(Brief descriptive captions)
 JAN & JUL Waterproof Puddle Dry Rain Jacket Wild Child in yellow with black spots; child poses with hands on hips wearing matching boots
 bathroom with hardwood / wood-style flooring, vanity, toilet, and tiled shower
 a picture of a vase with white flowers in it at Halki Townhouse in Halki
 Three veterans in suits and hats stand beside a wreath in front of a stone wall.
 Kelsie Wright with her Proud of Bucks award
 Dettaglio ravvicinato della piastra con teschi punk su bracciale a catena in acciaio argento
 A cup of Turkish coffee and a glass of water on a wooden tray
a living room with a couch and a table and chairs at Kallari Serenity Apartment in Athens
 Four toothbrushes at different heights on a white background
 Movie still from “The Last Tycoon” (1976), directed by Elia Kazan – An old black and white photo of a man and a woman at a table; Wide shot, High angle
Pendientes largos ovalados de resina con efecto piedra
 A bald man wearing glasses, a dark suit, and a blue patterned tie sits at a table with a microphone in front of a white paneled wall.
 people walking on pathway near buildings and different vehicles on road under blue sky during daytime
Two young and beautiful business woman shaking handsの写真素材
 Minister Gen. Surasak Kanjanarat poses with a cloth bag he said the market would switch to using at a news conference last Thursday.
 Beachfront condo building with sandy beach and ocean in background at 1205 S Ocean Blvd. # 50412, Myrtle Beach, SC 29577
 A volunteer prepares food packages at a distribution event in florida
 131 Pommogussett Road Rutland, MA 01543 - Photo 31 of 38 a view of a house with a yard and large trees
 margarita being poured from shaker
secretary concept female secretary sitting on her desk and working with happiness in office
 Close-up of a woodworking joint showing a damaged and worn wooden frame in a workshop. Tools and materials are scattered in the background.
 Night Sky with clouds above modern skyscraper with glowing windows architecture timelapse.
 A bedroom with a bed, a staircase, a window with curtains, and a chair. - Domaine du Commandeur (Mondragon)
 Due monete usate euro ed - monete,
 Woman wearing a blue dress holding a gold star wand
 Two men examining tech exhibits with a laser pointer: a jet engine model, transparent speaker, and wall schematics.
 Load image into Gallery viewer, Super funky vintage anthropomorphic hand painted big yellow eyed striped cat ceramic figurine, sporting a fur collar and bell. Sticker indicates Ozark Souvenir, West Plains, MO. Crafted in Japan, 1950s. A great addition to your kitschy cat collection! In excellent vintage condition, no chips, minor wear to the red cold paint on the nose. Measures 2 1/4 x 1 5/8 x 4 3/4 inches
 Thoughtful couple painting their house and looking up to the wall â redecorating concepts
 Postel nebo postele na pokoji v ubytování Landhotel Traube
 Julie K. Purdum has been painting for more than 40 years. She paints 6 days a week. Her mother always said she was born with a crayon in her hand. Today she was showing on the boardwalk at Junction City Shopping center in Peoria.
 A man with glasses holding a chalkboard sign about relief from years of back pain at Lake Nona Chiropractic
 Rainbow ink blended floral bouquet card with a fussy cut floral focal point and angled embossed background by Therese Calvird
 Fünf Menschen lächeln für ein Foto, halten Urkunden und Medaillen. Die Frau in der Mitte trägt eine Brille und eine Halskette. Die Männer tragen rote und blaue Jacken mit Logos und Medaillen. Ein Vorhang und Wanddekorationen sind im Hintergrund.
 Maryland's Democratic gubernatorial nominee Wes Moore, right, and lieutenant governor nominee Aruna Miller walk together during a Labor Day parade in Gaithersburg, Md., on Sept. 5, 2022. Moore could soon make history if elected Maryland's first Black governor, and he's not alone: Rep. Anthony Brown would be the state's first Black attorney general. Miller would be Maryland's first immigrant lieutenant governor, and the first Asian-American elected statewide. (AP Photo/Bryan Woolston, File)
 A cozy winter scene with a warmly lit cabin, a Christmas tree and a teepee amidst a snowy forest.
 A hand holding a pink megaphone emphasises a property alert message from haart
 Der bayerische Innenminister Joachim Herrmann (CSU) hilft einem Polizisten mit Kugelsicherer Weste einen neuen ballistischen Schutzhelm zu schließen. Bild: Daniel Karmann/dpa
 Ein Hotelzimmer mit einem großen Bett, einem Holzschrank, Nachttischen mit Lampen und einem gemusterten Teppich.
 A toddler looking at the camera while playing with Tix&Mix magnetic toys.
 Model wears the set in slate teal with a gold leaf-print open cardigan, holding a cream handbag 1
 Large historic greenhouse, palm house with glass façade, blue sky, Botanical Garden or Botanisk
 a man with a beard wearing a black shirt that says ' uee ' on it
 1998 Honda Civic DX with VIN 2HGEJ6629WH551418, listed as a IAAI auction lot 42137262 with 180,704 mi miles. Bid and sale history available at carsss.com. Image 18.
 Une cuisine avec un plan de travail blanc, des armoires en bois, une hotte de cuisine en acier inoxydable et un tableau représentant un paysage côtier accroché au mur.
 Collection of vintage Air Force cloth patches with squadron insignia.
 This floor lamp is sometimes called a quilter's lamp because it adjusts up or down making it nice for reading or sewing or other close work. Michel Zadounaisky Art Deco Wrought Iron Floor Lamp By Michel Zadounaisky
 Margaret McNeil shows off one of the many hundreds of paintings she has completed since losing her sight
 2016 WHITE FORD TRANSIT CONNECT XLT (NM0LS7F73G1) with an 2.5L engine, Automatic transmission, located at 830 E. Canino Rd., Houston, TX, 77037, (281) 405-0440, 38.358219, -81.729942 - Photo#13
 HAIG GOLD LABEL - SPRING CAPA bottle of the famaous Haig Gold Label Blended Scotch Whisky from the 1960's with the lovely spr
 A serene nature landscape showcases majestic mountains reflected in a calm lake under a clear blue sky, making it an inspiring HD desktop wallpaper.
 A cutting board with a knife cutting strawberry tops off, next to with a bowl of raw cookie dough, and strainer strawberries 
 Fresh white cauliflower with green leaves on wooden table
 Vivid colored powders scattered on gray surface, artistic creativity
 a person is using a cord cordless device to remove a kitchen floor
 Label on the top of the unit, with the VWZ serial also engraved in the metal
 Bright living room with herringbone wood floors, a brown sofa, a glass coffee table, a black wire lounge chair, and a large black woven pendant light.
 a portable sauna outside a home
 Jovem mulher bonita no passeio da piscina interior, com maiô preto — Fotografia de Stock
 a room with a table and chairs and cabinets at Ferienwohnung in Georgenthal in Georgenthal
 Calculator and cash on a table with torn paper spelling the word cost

Task prompt
Once you reach the line with "A bald man wearing" in the data above, copy it and every line after it exactly, up to and including the line with "margarita being poured from shaker".

The answer
 A bald man wearing glasses, a dark suit, and a blue patterned tie sits at a table with a microphone in front of a white paneled wall.
 people walking on pathway near buildings and different vehicles on road under blue sky during daytime
Two young and beautiful business woman shaking handsの写真素材
 Minister Gen. Surasak Kanjanarat poses with a cloth bag he said the market would switch to using at a news conference last Thursday.
 Beachfront condo building with sandy beach and ocean in background at 1205 S Ocean Blvd. # 50412, Myrtle Beach, SC 29577
 A volunteer prepares food packages at a distribution event in florida
 131 Pommogussett Road Rutland, MA 01543 - Photo 31 of 38 a view of a house with a yard and large trees
 margarita being poured from shaker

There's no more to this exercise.